Let me be frank: Accessibility is a low priority for capitalism, which publishing exists within. Therein, the process of querying wasn't built with accessibility in mind. That means publishing has gates and they are implicitly kept via lack of accessibility expertise. There's just no other way to slice it.

Broad patterns of implicit gatekeeping exist in publishing

Denying this mechanic prevents much-needed progress

When you cobble this publishing tapestry of lagging diversity and inaccessible barriers together, you get a mess. A mess called gated creative communities that nobody wants to admit are, in fact, subjectively gated. That's the nature of implicit gatekeeping.

Gatekeeping is something publishers might admit behind closed doors, but they're not keen to outline any of this the way I have. It would reflect poorly on the industry to grapple with its very clear systemic issues. So, what of publishing professionals themselves?

Publishing professionals like the literary agent in question just can't seem to admit they're the vanguard of publishing's gates. Perhaps admitting this may put people at risk for repercussions in an industry of closed doors and whisper networks. However, as silence is beneficial to keeping things the way they are, you really have to wonder why this diversity work just doesn't seem to be a priority.

Don't mistake me: It isn't that literary gatekeeping comes from members of some secret illuminati hellbent on keeping marginalized authors out of their walled garden. It's that the nature of publishing affords gatekeeping via what it doesn't admit and fails to address: Privilege.

This is brilliant, but I can't sell it

Let's get very honest about what this means

"I can't sell this book to the dominant culture" is the throughline behind why so few OwnVoices books make it past the gates. This sentiment is not consciously insidious. Rather, it's the product of privilege not naming or challenging itself. It's also the product of publishing professionals adopting careers far more hegemonic than many of them may know. Careers forged in exclusionary tapestries with poor accessibility and biased processes. In essence, publishing is an industry built around implicit gatekeeping.

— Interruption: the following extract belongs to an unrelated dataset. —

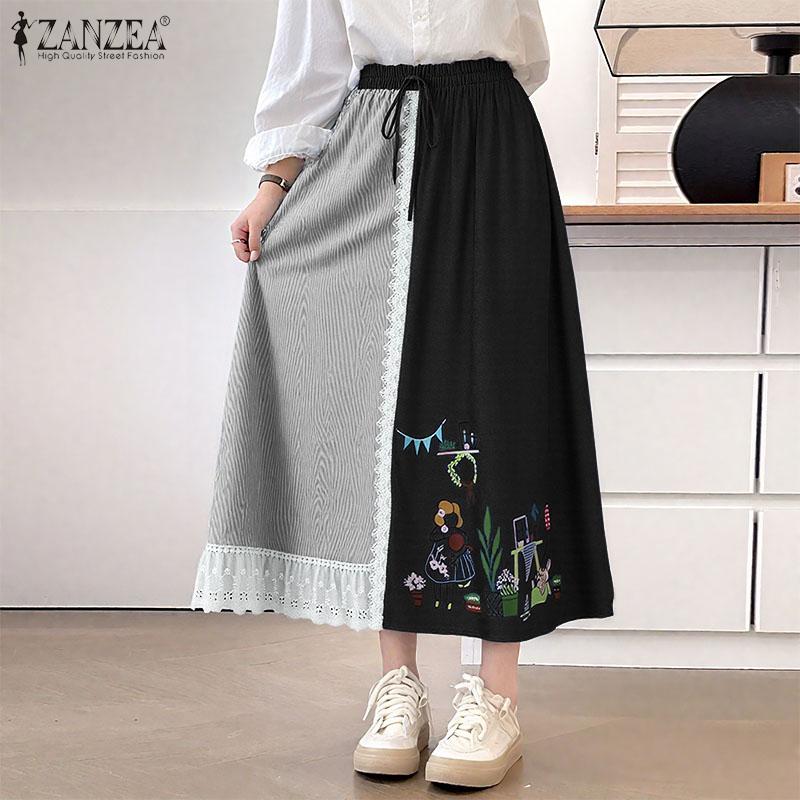 ZANZEA Women Casual Elastic Waist Loose Patchwork Floral Long Skirts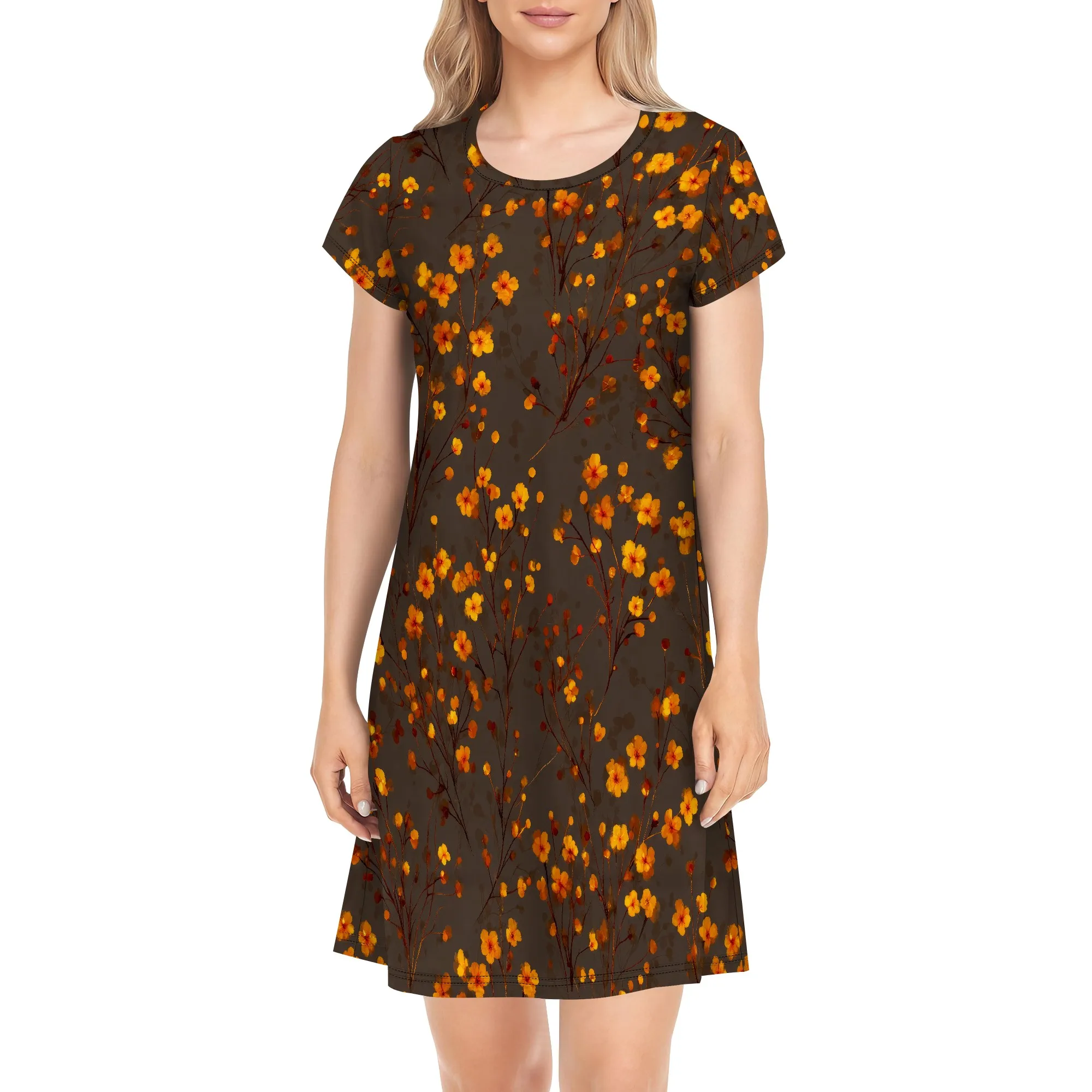 Летние платья для женщин, повседневная футболка с коротким рукавом, сарафан с цветочным принтом, пляжная накидка Летние платья для женщин, повседневная футболка с коротким рукавом, сарафан с цветочным принтом, пляжная накидка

Implicit gatekeeping is wildly difficult to tackle, as it's made unobvious every time a push can't be made to forge a more healthy path. To adopt a better, more accessible tool. To acknowledge systemic problems and evolve beyond them. To present core issues publicly without fear of professional retaliation.

There are implicit and explicit politics at play in publishing that keep systemic gates in place. Systemic gates that must be torn down for marginalized books to be allowed to sell.

So. Can publishers and literary agents alike sell the books of marginalized authors to push the industry in a truly inclusive, fair direction? They can, but my honest question is "Will they?" (and maybe even: Are they allowed to without pushback?)


This article was originally featured on the CONSTELIS VOSS Ghost Blog install. I'm currently in the process of bringing all those articles over to the Shopify site.